## EXERCISE OBJECTIVE
What you return must match, exactly, the lines running from the one containing "Claas TUCANO 440 APS - 18" to the end of the data, both included, and must contain no pictures.

## RECORD EXTRACTS
********************

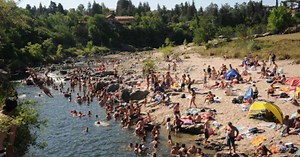 Cómo llegar al “Miami cordobés”, la playa con aguas cristalina del interior de Córdoba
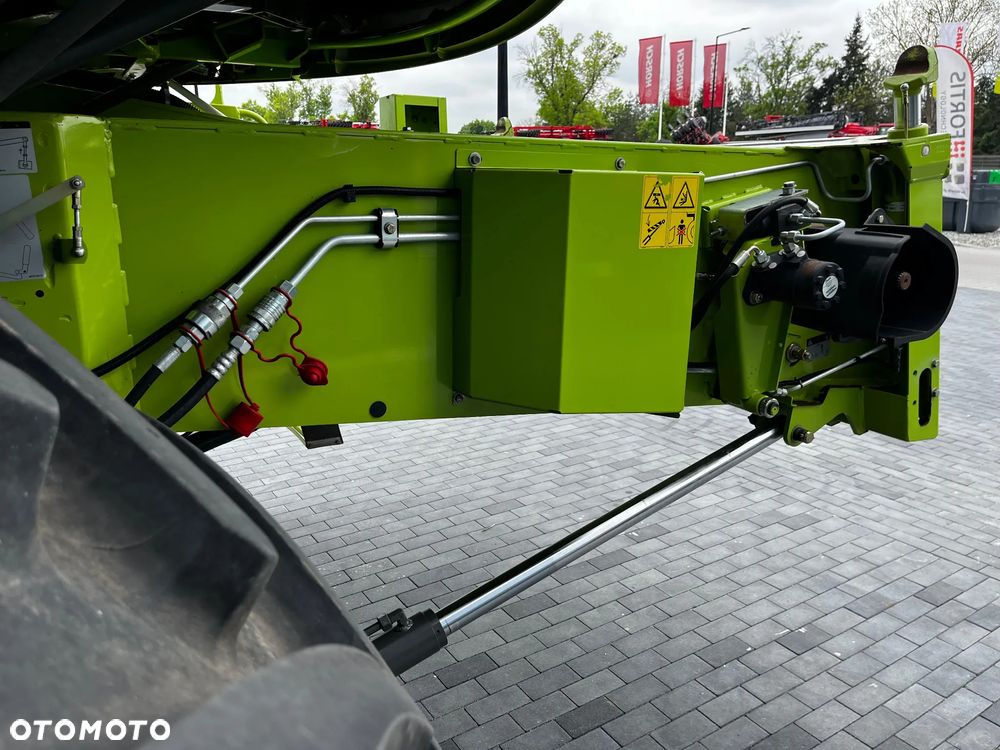 Claas TUCANO 440 APS - 18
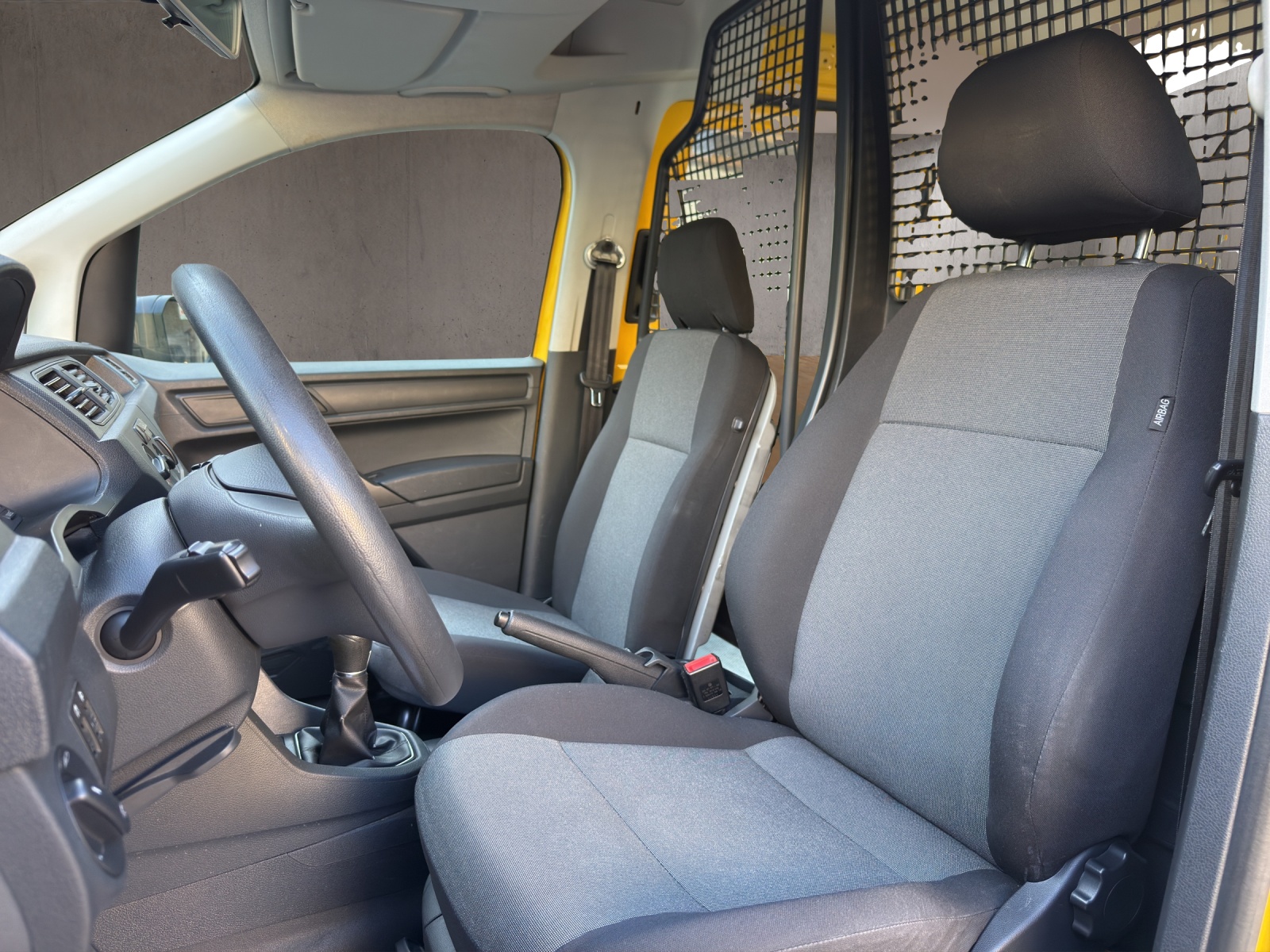 VW Caddy 2.0TDI 4Motion BlueMotion Technology-image-6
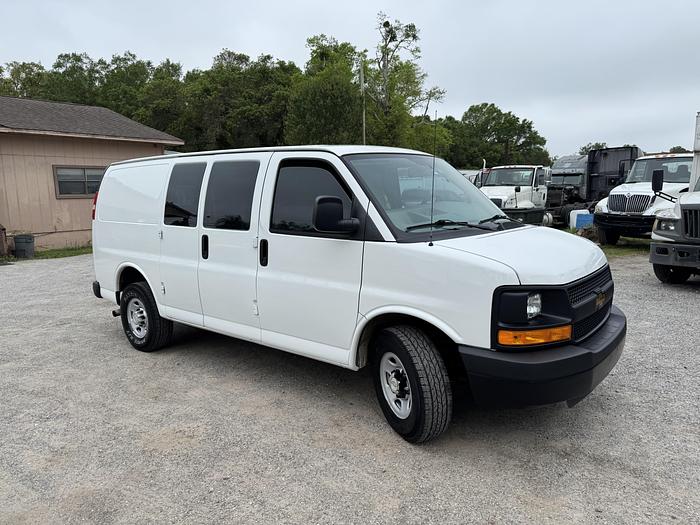 Used 2014 CHEVROLET EXPRESS 2500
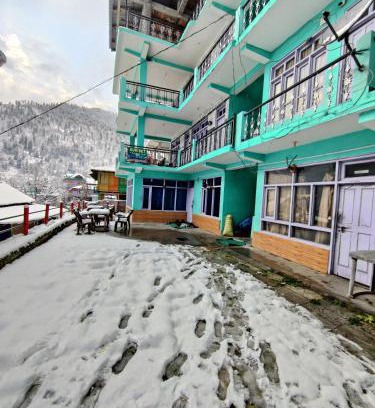 Tosh Hotel | Sunset Inn tosh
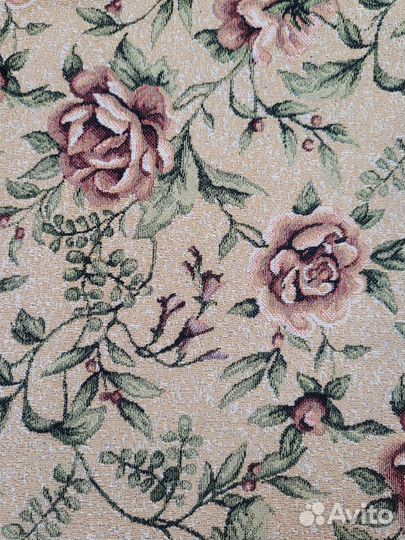 Скатерть гобеленовая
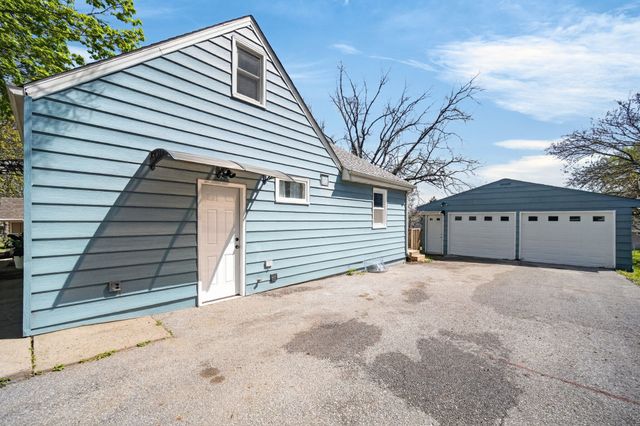 4025 51st Street, Des Moines, IA 50310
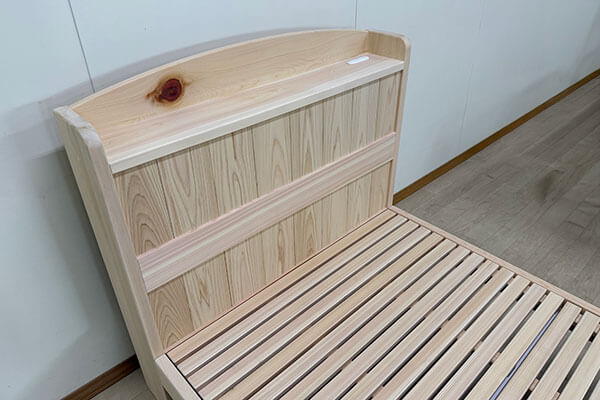 今マットレス厚36cmに合わせた棚付きひのきベッドのオーダー製作2501048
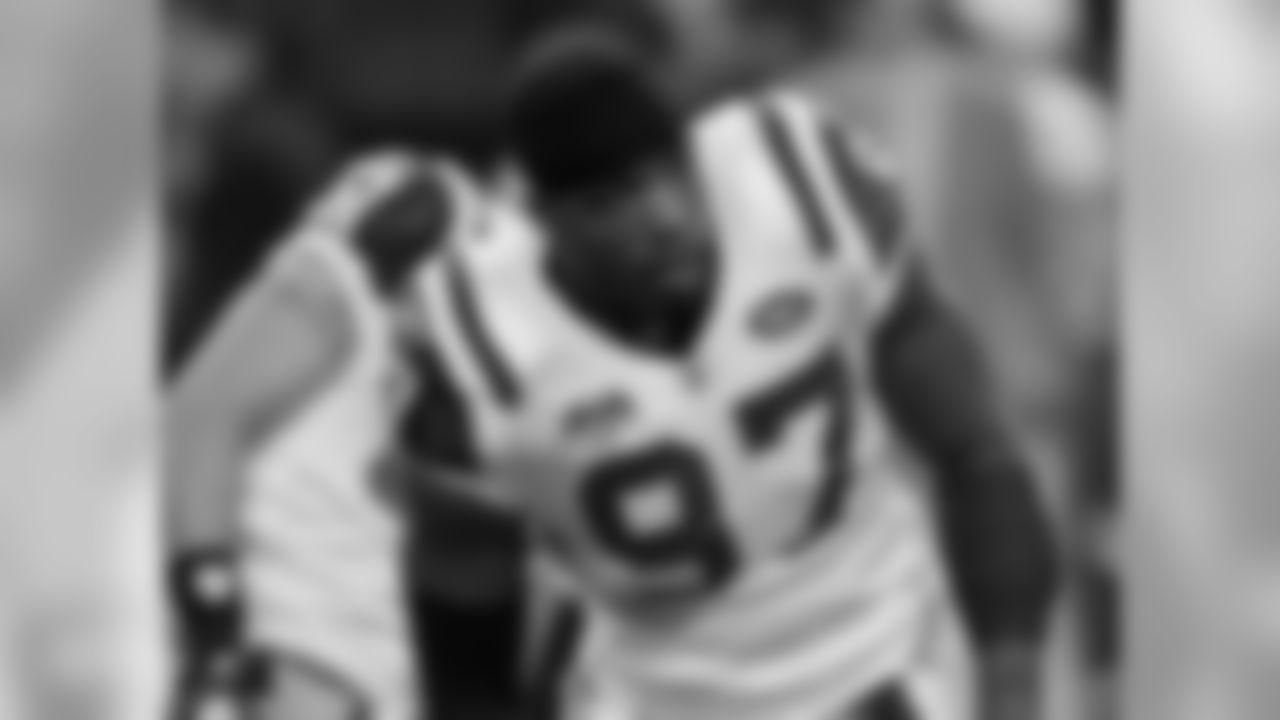 2009 Week 16 Jets at Colts Photos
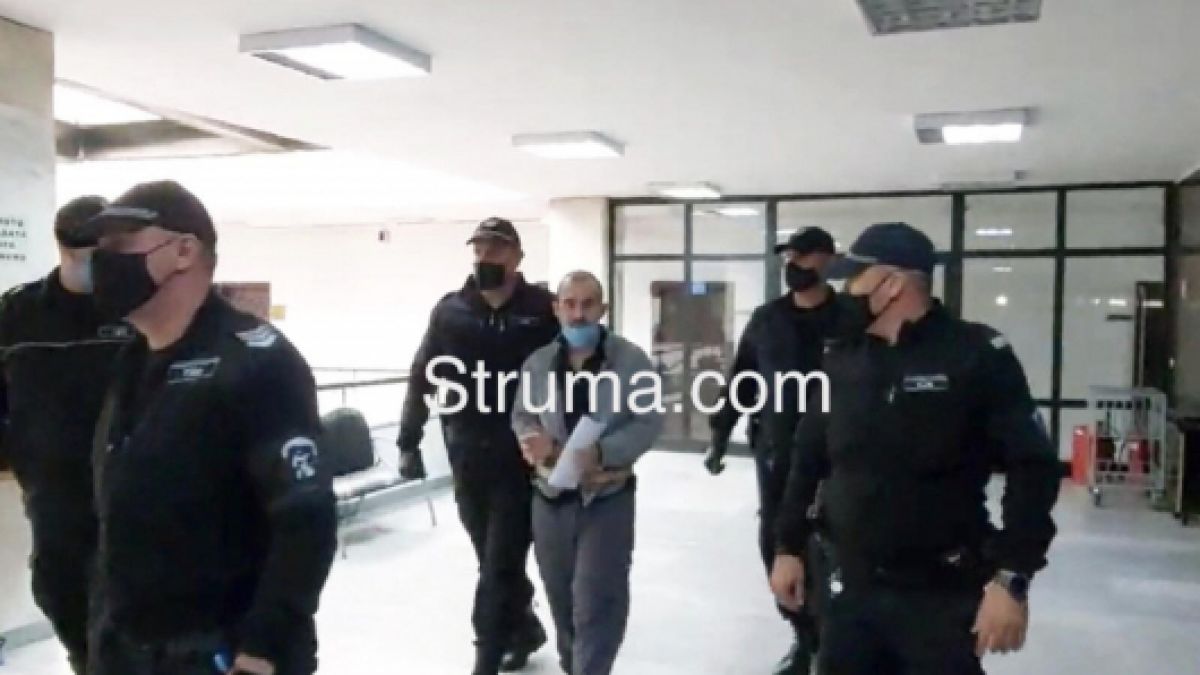 Илия се оправда за садистичното убийство на родителите си със скандална причина 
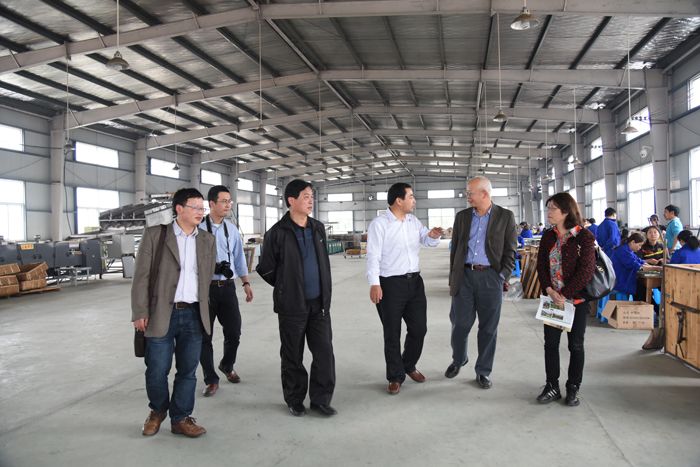 美國馬歇爾大學謝子建考察六百里茶業(yè).jpg 美國馬歇爾大學謝子建考察六百里茶業(yè).jpg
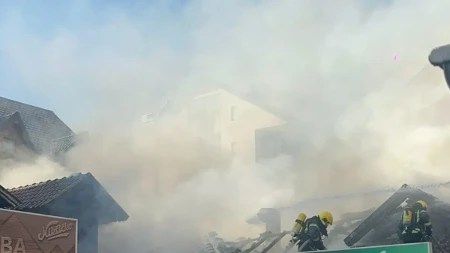 Gori restoran na Zlatiboru! Vatra buknula iznad roštilja, krov u plamenu (FOTO)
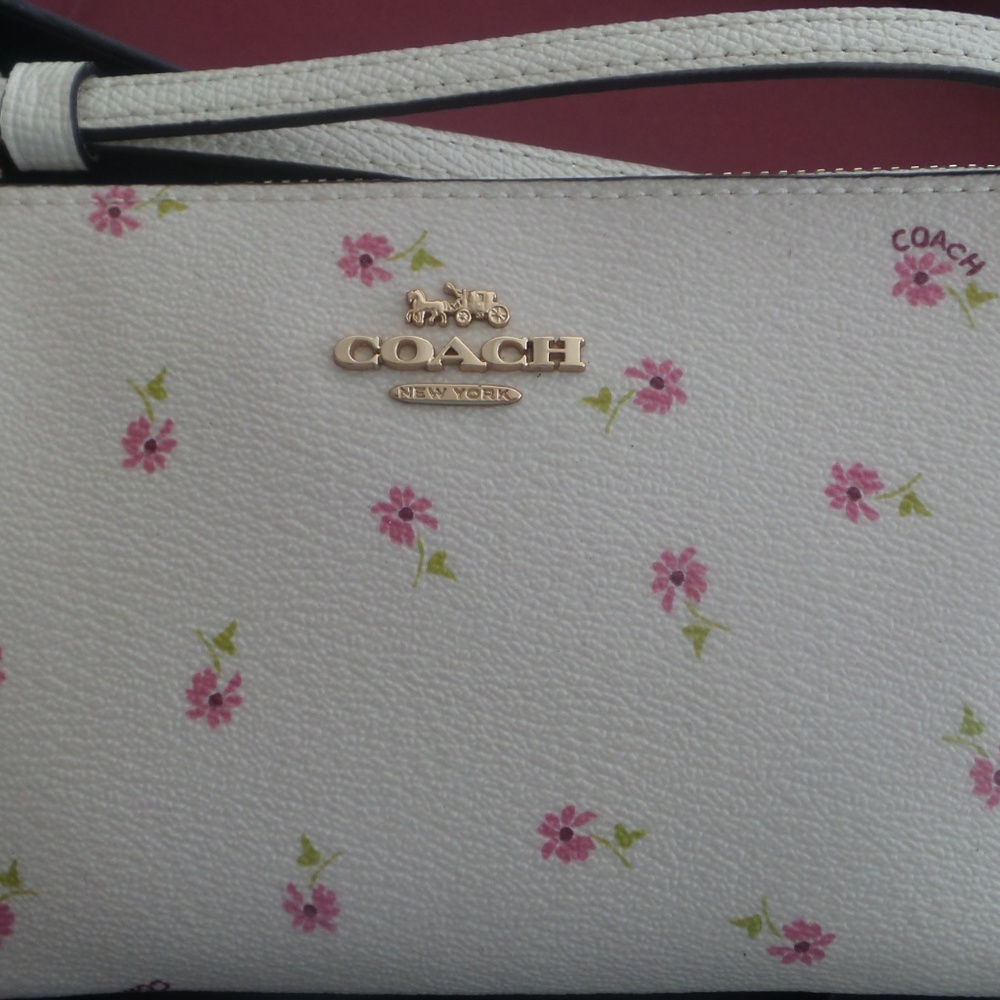 NWT Coach Flower Wristlet w/ Two Charms In Box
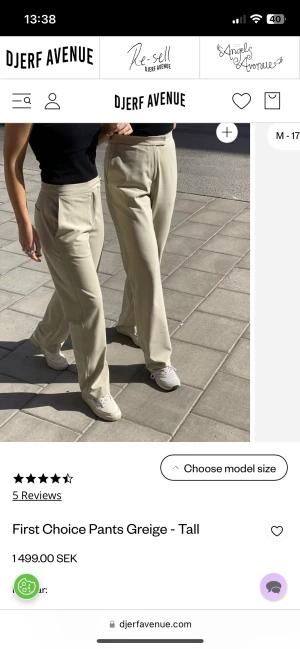 Djerf Avenue first choice pants tall - Obs! Dessa byxor är i modellen tall men har blivit lite upptagna så de passar perfekt på mig som är 176. Jättegott skick. Kan skicka fler bilder privat.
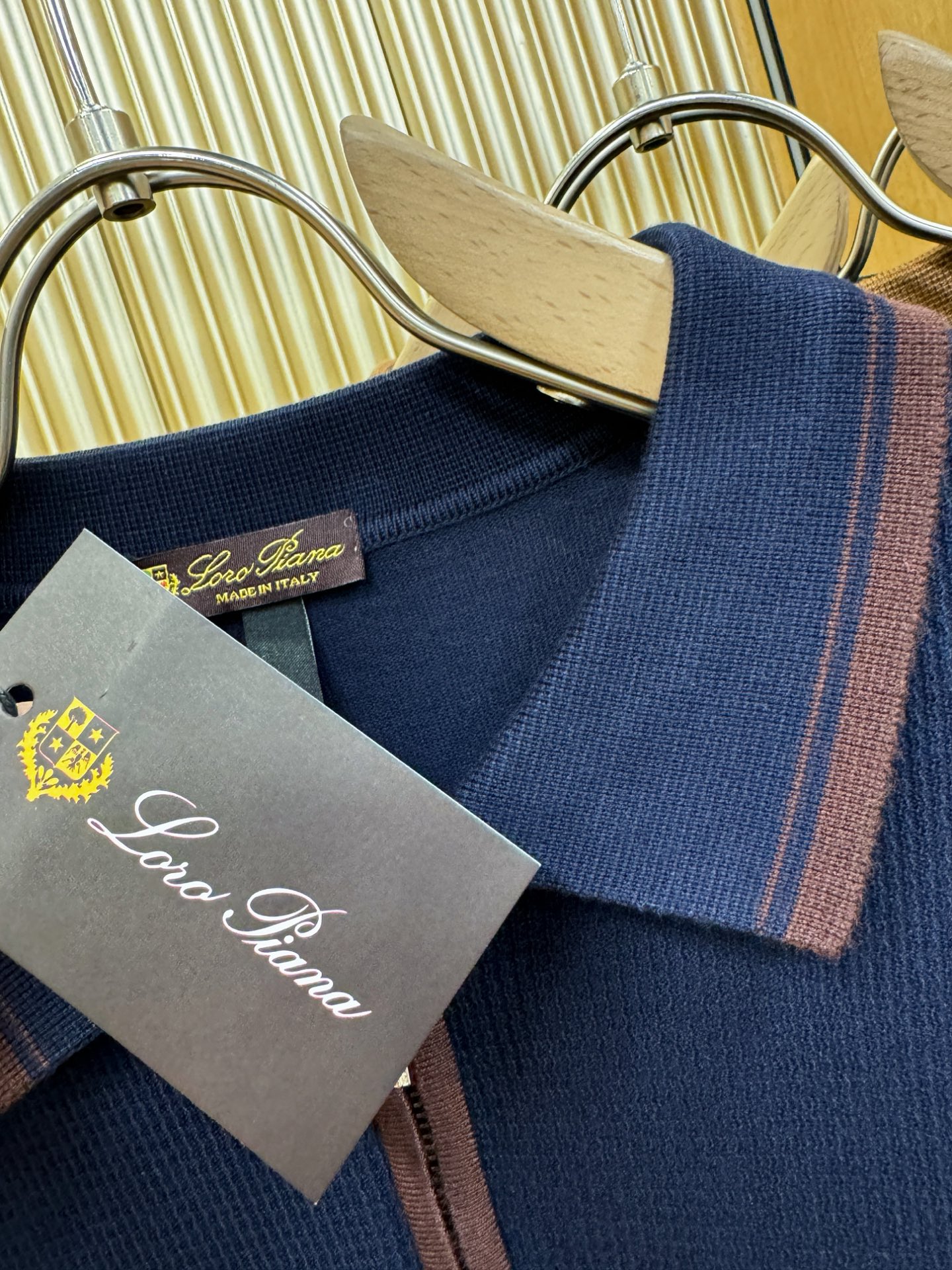 Loro Piana诺悠翩雅 2025新款毛衣，胸前logo设计！贸易公司渠道稀出，同步官网发售！秋冬系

********************

## RESULT OF THIS EXERCISE
 Claas TUCANO 440 APS - 18
 VW Caddy 2.0TDI 4Motion BlueMotion Technology-image-6
 Used 2014 CHEVROLET EXPRESS 2500
 Tosh Hotel | Sunset Inn tosh
 Скатерть гобеленовая
 4025 51st Street, Des Moines, IA 50310
 今マットレス厚36cmに合わせた棚付きひのきベッドのオーダー製作2501048
 2009 Week 16 Jets at Colts Photos
 Илия се оправда за садистичното убийство на родителите си със скандална причина 
 美國馬歇爾大學謝子建考察六百里茶業(yè).jpg 美國馬歇爾大學謝子建考察六百里茶業(yè).jpg
 Gori restoran na Zlatiboru! Vatra buknula iznad roštilja, krov u plamenu (FOTO)
 NWT Coach Flower Wristlet w/ Two Charms In Box
 Djerf Avenue first choice pants tall - Obs! Dessa byxor är i modellen tall men har blivit lite upptagna så de passar perfekt på mig som är 176. Jättegott skick. Kan skicka fler bilder privat.
 Loro Piana诺悠翩雅 2025新款毛衣，胸前logo设计！贸易公司渠道稀出，同步官网发售！秋冬系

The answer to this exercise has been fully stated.